__Data extracted from a collection__.

>>>

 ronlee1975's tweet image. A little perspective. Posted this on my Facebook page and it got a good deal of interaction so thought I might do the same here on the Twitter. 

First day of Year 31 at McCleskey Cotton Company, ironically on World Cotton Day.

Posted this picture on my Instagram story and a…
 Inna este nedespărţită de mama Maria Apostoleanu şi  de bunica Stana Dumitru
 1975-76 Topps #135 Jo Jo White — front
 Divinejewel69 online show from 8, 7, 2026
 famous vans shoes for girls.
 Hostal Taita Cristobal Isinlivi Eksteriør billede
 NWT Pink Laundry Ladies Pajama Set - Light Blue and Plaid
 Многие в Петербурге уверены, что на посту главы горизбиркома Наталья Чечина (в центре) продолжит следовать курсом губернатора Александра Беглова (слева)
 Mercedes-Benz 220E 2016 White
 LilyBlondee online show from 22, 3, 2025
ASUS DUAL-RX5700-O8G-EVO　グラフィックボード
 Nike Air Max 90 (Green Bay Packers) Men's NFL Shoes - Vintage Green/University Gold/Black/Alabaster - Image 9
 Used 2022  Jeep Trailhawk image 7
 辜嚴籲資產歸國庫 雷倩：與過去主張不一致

<<<

Search the entries for the word "White", then list each line that holds it.

__OUTPUT FOR THIS TASK__.
 1975-76 Topps #135 Jo Jo White — front
 Mercedes-Benz 220E 2016 White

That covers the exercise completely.